Assalamu’alaikum Warahmatullahi Wa barakatuh

Semoga Allah SWT senantiasa memberikan taufik dan hidayahnya kepada kita dan bangsa yang kita cintai ini...........

Pak Presiden…..

Surat ini adalah suara hati mahasiswa yang lahir dari tragedi kebangsaan paling memilukan dan memalukan dalam sejarah bangsa ini. Ini adalah teriakan jiwa menyaksikan bangsa yang besar ini sedang berada dalam titik nadzir kekelaman sejarahnya.

Reformasi mati suri! Teramat banyak fakta yang menunjukkan hal ini. Padahal reformasi bergulir dengan perjuangan keringat, air mata, darah bahkan nyawa mahasiswa untuk menjatuhkan rezim diktator. Kini, hampir sewindu reformasi ternyata reformasi yang diharapkan telah mati.
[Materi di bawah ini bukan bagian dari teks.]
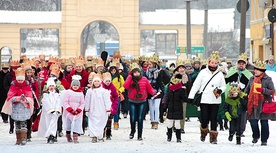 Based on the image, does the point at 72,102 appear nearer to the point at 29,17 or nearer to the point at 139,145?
the point at 139,145

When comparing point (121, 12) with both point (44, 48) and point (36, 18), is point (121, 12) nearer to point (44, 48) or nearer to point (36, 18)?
point (36, 18)

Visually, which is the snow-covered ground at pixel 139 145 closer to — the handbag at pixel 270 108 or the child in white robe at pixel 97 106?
the child in white robe at pixel 97 106

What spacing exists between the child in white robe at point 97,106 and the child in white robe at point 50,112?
26.1 inches

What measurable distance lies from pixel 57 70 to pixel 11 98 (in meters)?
2.19

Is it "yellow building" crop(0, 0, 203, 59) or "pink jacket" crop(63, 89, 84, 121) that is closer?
"pink jacket" crop(63, 89, 84, 121)

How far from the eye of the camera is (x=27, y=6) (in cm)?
7806

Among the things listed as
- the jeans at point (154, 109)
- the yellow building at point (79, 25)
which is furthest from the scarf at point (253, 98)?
the yellow building at point (79, 25)

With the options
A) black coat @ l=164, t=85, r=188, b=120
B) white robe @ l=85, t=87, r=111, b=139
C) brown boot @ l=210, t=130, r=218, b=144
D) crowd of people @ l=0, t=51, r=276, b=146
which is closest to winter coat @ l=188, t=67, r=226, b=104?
crowd of people @ l=0, t=51, r=276, b=146

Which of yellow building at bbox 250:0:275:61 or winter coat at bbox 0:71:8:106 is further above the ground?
yellow building at bbox 250:0:275:61

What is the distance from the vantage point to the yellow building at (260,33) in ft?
142

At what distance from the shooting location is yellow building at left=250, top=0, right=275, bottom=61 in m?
43.3

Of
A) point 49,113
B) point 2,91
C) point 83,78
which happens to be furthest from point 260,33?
point 49,113

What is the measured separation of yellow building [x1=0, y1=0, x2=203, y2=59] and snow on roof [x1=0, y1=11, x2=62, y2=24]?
7 cm

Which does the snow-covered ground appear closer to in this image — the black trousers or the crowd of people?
the crowd of people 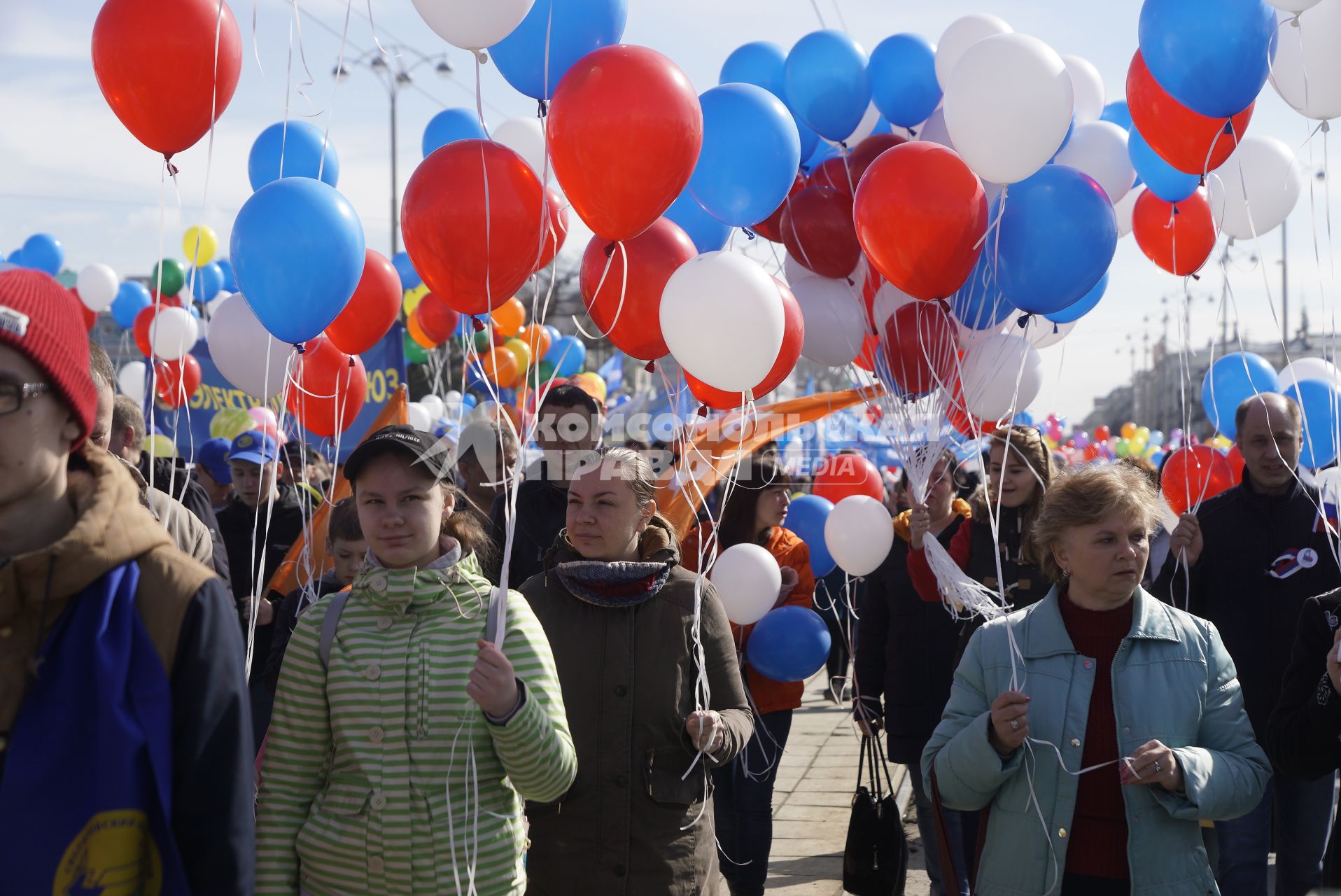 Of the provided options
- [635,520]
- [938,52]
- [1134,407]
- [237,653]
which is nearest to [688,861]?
[635,520]

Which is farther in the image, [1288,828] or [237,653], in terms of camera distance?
[1288,828]

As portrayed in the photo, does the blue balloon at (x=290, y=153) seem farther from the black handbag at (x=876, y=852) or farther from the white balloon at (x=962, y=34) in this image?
the black handbag at (x=876, y=852)

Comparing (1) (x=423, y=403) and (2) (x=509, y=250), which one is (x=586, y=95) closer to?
(2) (x=509, y=250)

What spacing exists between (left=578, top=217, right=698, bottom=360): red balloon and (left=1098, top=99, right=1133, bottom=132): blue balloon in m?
2.62

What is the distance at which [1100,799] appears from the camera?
266 cm

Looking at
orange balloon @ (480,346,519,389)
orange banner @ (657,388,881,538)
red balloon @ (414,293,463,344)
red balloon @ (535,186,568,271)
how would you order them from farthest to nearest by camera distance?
orange balloon @ (480,346,519,389), red balloon @ (414,293,463,344), orange banner @ (657,388,881,538), red balloon @ (535,186,568,271)

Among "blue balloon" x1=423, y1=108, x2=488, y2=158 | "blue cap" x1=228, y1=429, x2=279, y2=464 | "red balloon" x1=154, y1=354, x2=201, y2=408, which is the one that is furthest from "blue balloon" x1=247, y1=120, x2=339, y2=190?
"red balloon" x1=154, y1=354, x2=201, y2=408

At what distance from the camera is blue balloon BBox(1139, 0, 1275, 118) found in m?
4.02

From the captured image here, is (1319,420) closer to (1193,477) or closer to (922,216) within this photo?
(1193,477)

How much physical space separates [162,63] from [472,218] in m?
1.26

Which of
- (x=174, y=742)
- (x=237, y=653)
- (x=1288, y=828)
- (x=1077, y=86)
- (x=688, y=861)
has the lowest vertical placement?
(x=1288, y=828)

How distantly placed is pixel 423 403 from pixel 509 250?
850cm

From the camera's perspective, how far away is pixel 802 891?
16.7ft

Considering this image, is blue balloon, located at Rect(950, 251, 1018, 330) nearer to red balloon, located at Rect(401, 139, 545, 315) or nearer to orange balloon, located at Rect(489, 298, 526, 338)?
red balloon, located at Rect(401, 139, 545, 315) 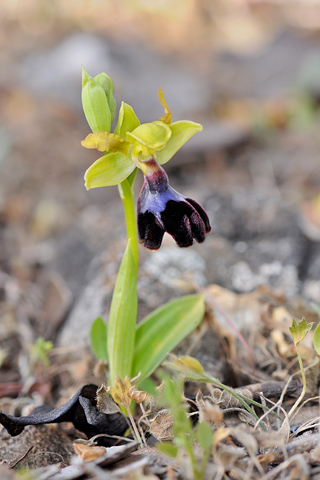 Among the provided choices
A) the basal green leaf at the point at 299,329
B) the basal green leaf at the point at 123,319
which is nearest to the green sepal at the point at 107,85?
the basal green leaf at the point at 123,319

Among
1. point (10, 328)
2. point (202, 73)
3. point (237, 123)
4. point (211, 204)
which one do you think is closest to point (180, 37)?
point (202, 73)

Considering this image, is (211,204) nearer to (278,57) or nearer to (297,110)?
(297,110)

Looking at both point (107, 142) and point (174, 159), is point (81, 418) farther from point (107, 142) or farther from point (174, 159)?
point (174, 159)

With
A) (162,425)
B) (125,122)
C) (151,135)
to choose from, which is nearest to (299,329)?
(162,425)

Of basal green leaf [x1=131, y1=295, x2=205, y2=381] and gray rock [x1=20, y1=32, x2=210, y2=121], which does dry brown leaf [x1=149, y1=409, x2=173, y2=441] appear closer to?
basal green leaf [x1=131, y1=295, x2=205, y2=381]

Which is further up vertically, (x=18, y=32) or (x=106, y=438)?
(x=18, y=32) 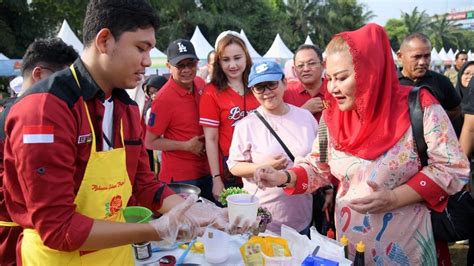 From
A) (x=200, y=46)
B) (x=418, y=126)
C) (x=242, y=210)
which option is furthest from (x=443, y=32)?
(x=242, y=210)

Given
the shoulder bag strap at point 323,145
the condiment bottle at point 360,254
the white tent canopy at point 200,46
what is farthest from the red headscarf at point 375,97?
the white tent canopy at point 200,46

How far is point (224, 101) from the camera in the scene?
285 centimetres

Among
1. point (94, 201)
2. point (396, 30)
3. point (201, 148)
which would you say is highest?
point (396, 30)

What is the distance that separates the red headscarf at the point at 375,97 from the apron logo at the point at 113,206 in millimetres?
1112

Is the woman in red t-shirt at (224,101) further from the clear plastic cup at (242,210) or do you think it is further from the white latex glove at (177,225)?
the white latex glove at (177,225)

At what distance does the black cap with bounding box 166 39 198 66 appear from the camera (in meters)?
3.10

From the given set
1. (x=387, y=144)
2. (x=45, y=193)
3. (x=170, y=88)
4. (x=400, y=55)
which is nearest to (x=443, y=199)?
(x=387, y=144)

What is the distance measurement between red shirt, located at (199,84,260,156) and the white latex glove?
151 cm

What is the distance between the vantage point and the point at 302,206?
2.46 m

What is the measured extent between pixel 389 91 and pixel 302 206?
40.7 inches

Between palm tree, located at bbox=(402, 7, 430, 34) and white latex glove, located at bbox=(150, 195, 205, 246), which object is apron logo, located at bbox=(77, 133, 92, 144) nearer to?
white latex glove, located at bbox=(150, 195, 205, 246)

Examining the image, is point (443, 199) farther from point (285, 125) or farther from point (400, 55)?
point (400, 55)

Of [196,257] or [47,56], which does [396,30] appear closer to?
[47,56]

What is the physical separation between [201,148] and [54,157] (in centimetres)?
202
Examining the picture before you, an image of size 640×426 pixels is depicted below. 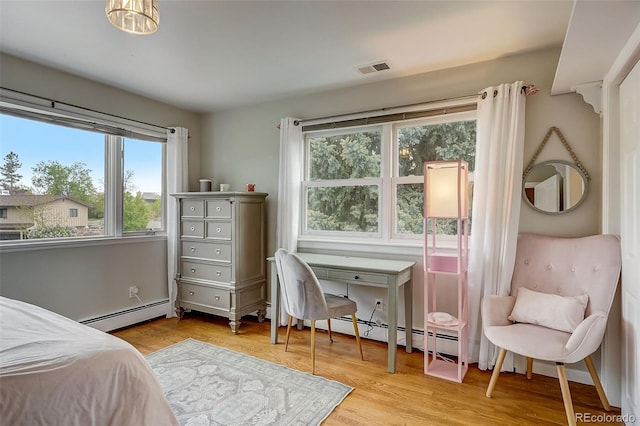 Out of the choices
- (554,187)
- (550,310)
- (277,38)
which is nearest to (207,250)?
(277,38)

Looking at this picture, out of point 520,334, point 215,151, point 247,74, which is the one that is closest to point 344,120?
point 247,74

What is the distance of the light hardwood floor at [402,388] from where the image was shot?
1.94m

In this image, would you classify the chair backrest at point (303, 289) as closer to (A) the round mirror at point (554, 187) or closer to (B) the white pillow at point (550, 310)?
(B) the white pillow at point (550, 310)

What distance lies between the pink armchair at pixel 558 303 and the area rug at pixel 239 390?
114 centimetres

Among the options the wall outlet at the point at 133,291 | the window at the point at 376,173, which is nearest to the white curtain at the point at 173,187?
the wall outlet at the point at 133,291

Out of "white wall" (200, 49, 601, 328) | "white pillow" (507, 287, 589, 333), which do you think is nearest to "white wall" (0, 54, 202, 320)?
"white wall" (200, 49, 601, 328)

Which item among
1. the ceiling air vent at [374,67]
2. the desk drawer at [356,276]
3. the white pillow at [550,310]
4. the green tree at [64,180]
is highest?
the ceiling air vent at [374,67]

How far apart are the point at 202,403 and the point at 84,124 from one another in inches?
105

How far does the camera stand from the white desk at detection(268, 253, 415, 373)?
248 cm

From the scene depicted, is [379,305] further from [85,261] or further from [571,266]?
[85,261]

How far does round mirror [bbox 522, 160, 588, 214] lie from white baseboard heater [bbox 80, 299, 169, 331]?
376 centimetres

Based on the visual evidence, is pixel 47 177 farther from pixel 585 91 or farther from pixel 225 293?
pixel 585 91

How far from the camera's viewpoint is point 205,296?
3484 millimetres

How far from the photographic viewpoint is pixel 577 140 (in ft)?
7.79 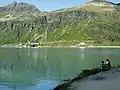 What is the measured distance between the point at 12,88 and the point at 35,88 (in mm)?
4508

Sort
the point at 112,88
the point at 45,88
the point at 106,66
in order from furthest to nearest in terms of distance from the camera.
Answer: the point at 106,66 < the point at 45,88 < the point at 112,88

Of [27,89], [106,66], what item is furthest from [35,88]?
[106,66]

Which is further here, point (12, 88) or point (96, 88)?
point (12, 88)

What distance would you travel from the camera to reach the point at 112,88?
105 ft

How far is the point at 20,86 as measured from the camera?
202 ft

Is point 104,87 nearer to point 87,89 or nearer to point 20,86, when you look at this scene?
point 87,89

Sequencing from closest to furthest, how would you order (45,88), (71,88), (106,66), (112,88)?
(112,88) < (71,88) < (45,88) < (106,66)

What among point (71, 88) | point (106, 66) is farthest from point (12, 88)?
point (71, 88)

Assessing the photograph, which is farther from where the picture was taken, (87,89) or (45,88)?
(45,88)

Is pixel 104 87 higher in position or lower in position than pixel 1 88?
higher

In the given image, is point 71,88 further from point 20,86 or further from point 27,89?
point 20,86

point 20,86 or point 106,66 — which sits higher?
point 106,66

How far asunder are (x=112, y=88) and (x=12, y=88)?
30754 mm

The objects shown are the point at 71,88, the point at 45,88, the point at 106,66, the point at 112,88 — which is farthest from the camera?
the point at 106,66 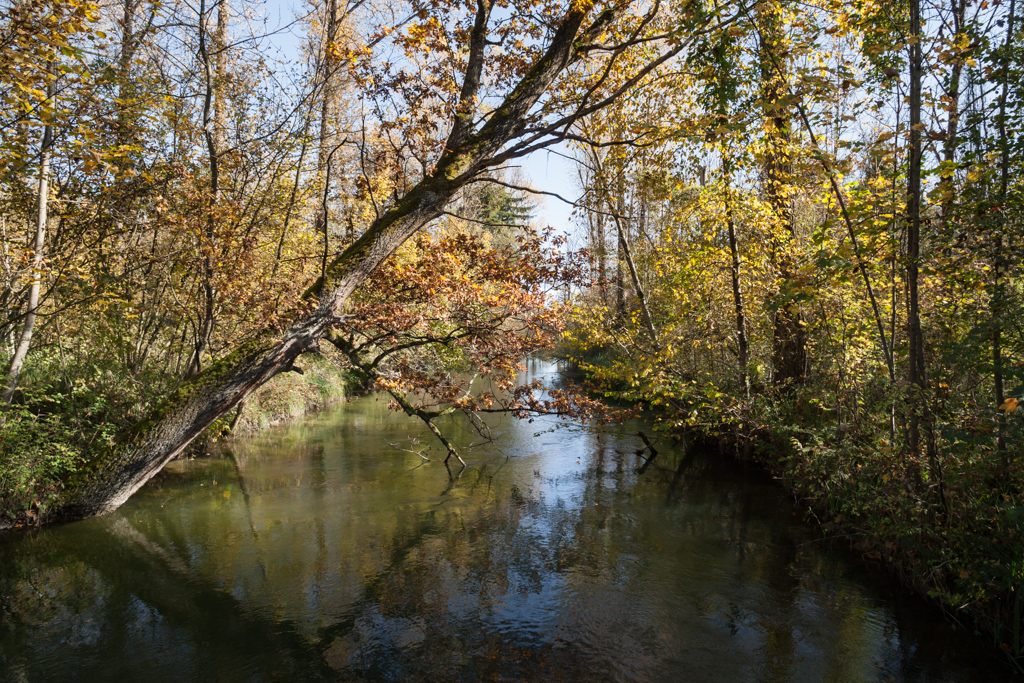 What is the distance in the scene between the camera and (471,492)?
923 centimetres

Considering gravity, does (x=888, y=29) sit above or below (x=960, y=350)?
above

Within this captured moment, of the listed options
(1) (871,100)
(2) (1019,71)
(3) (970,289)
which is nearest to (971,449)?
(3) (970,289)

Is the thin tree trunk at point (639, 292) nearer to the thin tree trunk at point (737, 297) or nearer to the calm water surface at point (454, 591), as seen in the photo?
the thin tree trunk at point (737, 297)

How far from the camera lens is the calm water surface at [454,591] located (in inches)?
182

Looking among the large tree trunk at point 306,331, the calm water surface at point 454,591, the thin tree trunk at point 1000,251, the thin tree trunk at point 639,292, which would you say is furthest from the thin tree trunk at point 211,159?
the thin tree trunk at point 1000,251

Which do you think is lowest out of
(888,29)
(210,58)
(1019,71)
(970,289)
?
(970,289)

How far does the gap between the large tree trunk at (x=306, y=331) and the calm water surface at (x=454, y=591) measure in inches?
28.0

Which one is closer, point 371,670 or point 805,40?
point 371,670

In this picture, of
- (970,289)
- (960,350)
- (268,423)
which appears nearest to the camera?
(960,350)

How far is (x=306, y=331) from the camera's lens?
23.4ft

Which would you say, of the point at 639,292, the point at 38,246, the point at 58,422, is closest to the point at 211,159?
the point at 38,246

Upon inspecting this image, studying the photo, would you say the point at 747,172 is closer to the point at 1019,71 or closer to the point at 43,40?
the point at 1019,71

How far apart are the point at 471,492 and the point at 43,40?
24.3ft

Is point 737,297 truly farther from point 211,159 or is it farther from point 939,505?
point 211,159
Korupsi dan Supremasi Hukum

Korupsi hari ini semakin menjadi-jadi. Megakorupsi terjadi di berbagai instansi dan tingkatannya. Memang hari ini beberapa kasus korupsi besar terkuak, namun terkesan formalitas dan ternyata tak sedikit yang koruptor yang justru dibebaskan seperti kasus Nurdin Halid. Realitas ini pun menunjukkan supremasi hukum di Indonesia masih utopis.

Korupsi berdampak terhadap berbagai hal, Contoh kasus kelangkaan BBM hari ini. Selain menunjukkan sistem birokrasi yang kacau dalam tubuh PT Pertamina, kelangkaan BBM juga menunjukkan indikasi korupsi sistemik dan akut di PT Pertamina.

Pendidikan

Dunia pendidikan hari ini menangis! Sebuah fakta memalukan sekaligus memilukan terbentang: Hasil riset dua lembaga internasional, Asian South Pacific Bureau of Adult Education (ASPABE) dan Global Campaign for Education (GCE) menunjukkan Pendidikan Indonesia mendapat nilai E jauh di bawah Malaysia dan Thailand yang mendapat nilai A. Bahkan dalam indikator pendidikan bermutu dan gratis, Indonesia mendapat nilai F (Republika, 30 Juni 2005).

RUU BHP yang diajukan pemerintah syarat bernuansa komersialisasi pendidikan dan kapitalisasi pendidikan. Pemerintah terkesan berlepas tanggung jawab masalah pendidikan. Sampai saat ini, alokasi minimal 20% dari APBN untuk pendidikan masih belum terbukti.

Potret buram pendidikan Indonesia tidak hanya itu, siswa sekolah melakukan bunuh diri karena tidak mampu bayar biaya sekolah. Sekitar delapan ratus ribu siswa tidak lulus UAN dan lain sebagainya yang menunjukkan keajaiban ironis dalam dunia pendidikan Indonesia.

Penyakit Masyarakat

Penyakit masyarakat seperti Perjudian, Pelacuran, Pornografi dan Narkoba semakin meraja lela. Kami mengapresiasi dan mendukung gerakan pemberantasan narkoba yang digulirkan oleh Presiden SBY. Namun, jangan dilupakan penyakit masyarakt lain yang memiliki dampak dahsyat bagi bangsa ini.

BEM Se Bandung Raya bersama elemen masyarakat telah mengadakan deklarasi “Jawa Barat Bebas Judi 2005”. Deklarasi ditandatangani oleh Gubernur Jawa Barat, Ketua DPRD Jawa Barat dan Kepala Kejaksaan Tinggi Jawa Barat. Anehnya, Kapolda Jawa Barat sampai saat ini tidak bersedia menandatangani deklarasi “Jawa Barat Bebas Judi 2005”, padahal itu merupakan kewajibannya berdasarkan Undang-Undang.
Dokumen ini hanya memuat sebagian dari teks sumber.